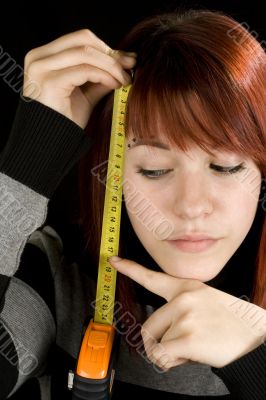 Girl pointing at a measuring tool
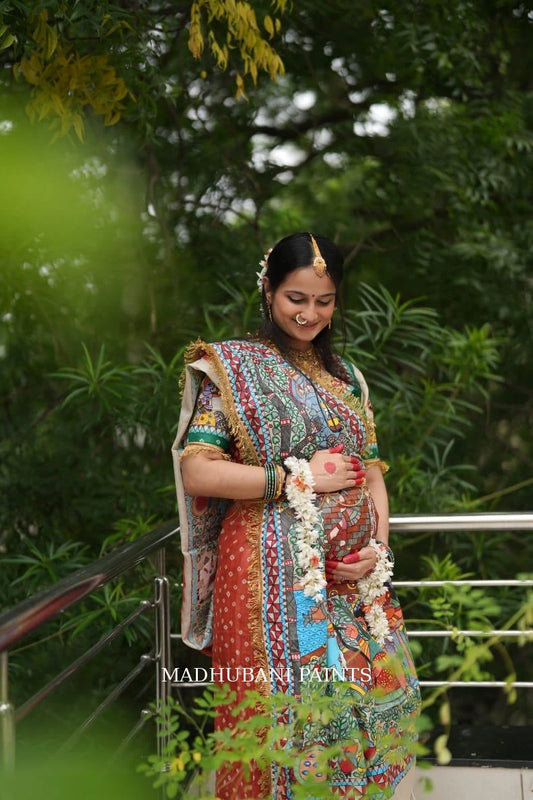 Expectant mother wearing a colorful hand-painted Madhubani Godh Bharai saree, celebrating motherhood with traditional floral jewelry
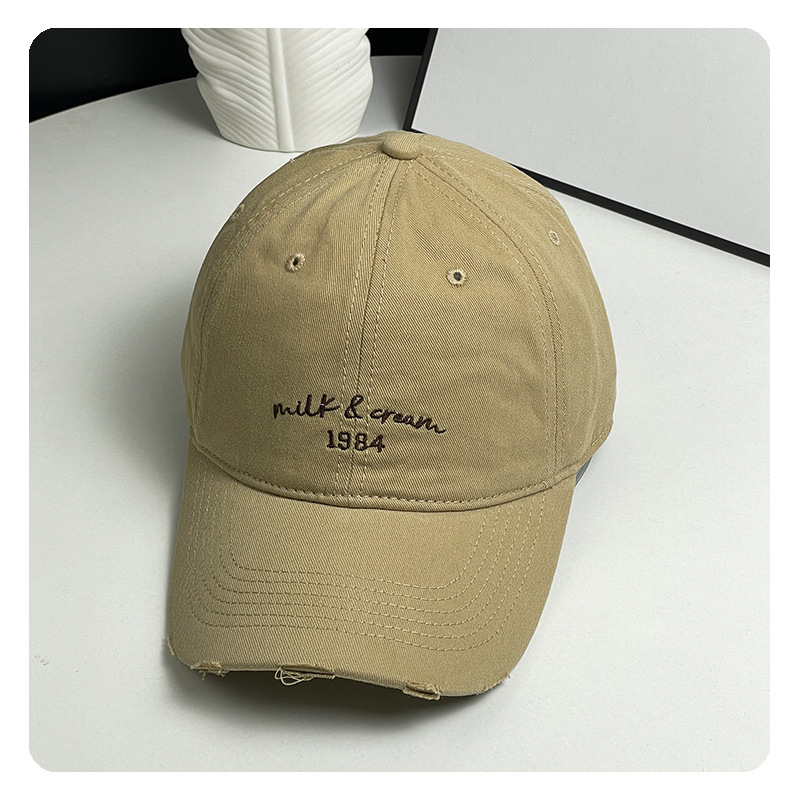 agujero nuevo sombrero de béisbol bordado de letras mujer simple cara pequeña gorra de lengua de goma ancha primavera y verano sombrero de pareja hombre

• • • • • • •

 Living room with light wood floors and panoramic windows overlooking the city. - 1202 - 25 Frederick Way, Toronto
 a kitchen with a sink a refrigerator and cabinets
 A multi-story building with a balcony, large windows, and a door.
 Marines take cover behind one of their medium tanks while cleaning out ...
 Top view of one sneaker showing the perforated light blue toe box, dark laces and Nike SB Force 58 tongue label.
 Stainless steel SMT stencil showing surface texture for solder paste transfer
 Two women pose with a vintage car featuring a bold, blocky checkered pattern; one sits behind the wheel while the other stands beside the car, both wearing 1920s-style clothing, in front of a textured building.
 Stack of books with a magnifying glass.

• • • • • • •

Throughout the data above, report every line that contains the string "while".

 Marines take cover behind one of their medium tanks while cleaning out ...
 Two women pose with a vintage car featuring a bold, blocky checkered pattern; one sits behind the wheel while the other stands beside the car, both wearing 1920s-style clothing, in front of a textured building.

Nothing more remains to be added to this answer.